However, the mayor and council let both resolutions become time-wasting sideshows, suggesting — unfairly, we hope — they have nothing better to do. They should really try to avoid this kind of distraction.

Councilor Chris Chenoweth led the opposition to the insurrection condemnation in commendably thoughtful terms, expressed both orally and in writing. However, Councilor Adam Garvin perhaps best captured the substance when he warned his colleagues they risked falling into a never-ending cycle of such issues.

For a prime example, one need look to the courthouse, where Commissioner Mary Starrett has a long record of dragging the county into partisan social-issue sideshows. Allen Springer used to lend avid support, and it appears newly elected Lindsay Berschauer could fall into that trap as well.

At Starrett’s urging, the county has entertained resolutions: 1) asking the federal government to relinquish all land it owns in the county, including extensive Bureau of Land Management holdings and the federal prison site in Sheridan; 2) joining cattle and timber counties in opposing a projected “flood of anti-gun legislation” at the state and federal levels; 3) setting aside a “School Choice Week;” 4) and adding property owners, taxpayers, business owners, farmers, convicts, addicts, the developmentally disabled, people of faith and the “pre-born” to a community welcoming aimed initially at immigrants, people of color and the LGBTQ population.

The county has been particularly active on the firearms front. Incensed by legislation extending background checks to private sales, it first registered opposition, then vowed to forgo enforcement and finally entertained the idea of ordering the sheriff’s non-compliance — even though the enforcement function was reserved exclusively for the state police.

In a public meeting opening with prayer and Bible reading, as many did when Starrett and Springer were teamed up, the commissioners spent hours taking fervent gun rights testimony from out-of-area interests. On another occasion, they devoted most of a meeting to a Baker County commissioner railing against state and federal logging and mining regulation.

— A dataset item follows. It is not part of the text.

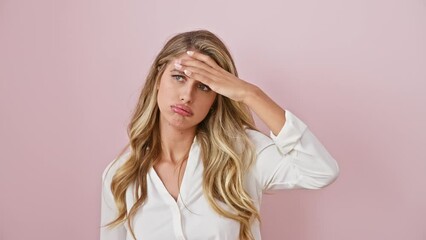 Sticker - Troubled blonde woman in shirt stressfully broods over crisis, her hand on forehead, embodying worry against isolated pink backdrop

Most recently, the commissioners devoted three hours to a Starrett move to have the county declared a sanctuary from enforcement of state gun restrictions. She was undeterred even after being advised the unconstitutionality could open the county to costly litigation.

Do we equate the city’s recent foray into the resolution arena with that of the county? Hardly. 

We do, however, think entertaining feel-good resolutions with little relationship to city business is a slippery slope. And the county shows just how far down that slope truly egregious violators can slide.